In the early or mid-seventies, Kenneth Tyndale’s Living Bible found no publisher willing to take a chance. If my memory serves me correctly, he shopped that manuscript around to 5 or 6 publishers. He finally had to become his own publisher. That’s why to this day Tyndale Publishers stays opened to writers that can’t find a publisher (at least in theory).
Why would any author–who writes an important book, who works hard to get it into the hands of readers, and who has developed some sort of platform on his/her own–want to share that with a publisher whose “platform” policy makes it clear that they are unwilling to invest or risk anything, with that author? Who needs fair-weather friends? I do not fully understand publishing, but common sense begs the question: what use is a publisher to an already popular and successful author? All she needs at that point is a reprographics company who can keep up with demand and a sharp, innovative administrative assistant to coordinate all of her partnerships.
Lottery winners are smart not to trust new found friends. They do best to trust their instincts and the loyal friends who were with them from the start.
The Christian writer and publisher must remain open to other considerations that secular publishers need not consider–God’s will for effective ministry and for building the body of Christ. We will be held responsible for more than the bottom line. How much of our “business” is sensitive to the needs of ministry and guidance of the Holy Spirit? God uses the little known and despised things to confound the wise. He often raises up the least likely. We look on the outside. He looks on the inside. He purposely counters our too often worldly perspectives. Therefore, if we don’t want to miss what He is doing, we need to stay sensitive to his leading, as well as to our formulas for success. He may choose to bypass them (as in The Shack and many other titles that surprised those who had their eyes on the bottom line).

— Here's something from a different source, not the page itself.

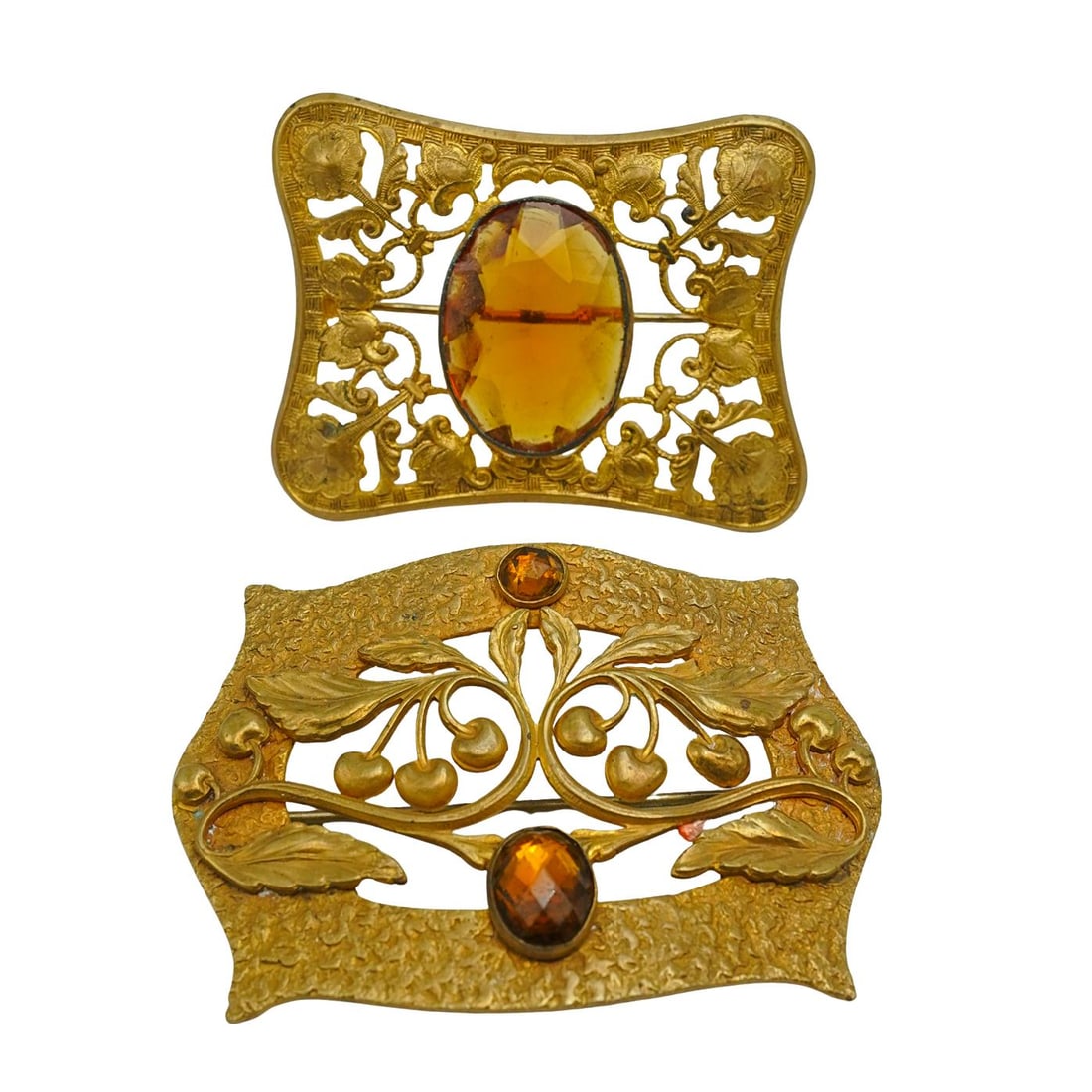 (2 Pcs) Art Nouveau Attr. To George Steere Amber Gemstone Brooches (1 of 4)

Fortunately for us, many of the greatest authors in literature had publishers that knew that writers write and publishers market–its a partnership. The great publishing houses became such because they knew that first books were investments. Author and publisher needed each other. They took chances together in order to impact their world, because they believed in the message. And each had his own responsibilities and expertise. They were co-workers.
An increasing number of today’s publishers appear to want a guaranteed return on someone else’s investment. They may be unaware of publishing history. Some publishers know better and continue to believe that important books remain to be written and discovered. And occasionally a receptive publisher connects with a potentially great writer and together they make history. However, that becomes increasingly rare when publishers set policies that exclude new manuscript submissions unless they come through agents. I don’t have the solution. Publishers have their own challenges. More could be said on this, but perhaps someone more qualified could take up the challenge.
My guess is that if the current publishing trend continues, more and more authors will find alternate ways to publish and connect with readers. Then where will the Christian publishers be when their potential authors no longer need them?
I’ve heard it said that ”the internet eliminates geography.” Social networking is the new town center. After all, word of mouth has always been and will continue to be the most effective form of advertising. So authors, don’t worry if the big guys won’t even read your manuscripts without an agent. You have many alternatives in the new community. Let’s see how good the Lord is at getting your work out there.
QUESTION: What will be the future for corporate Christian publishers?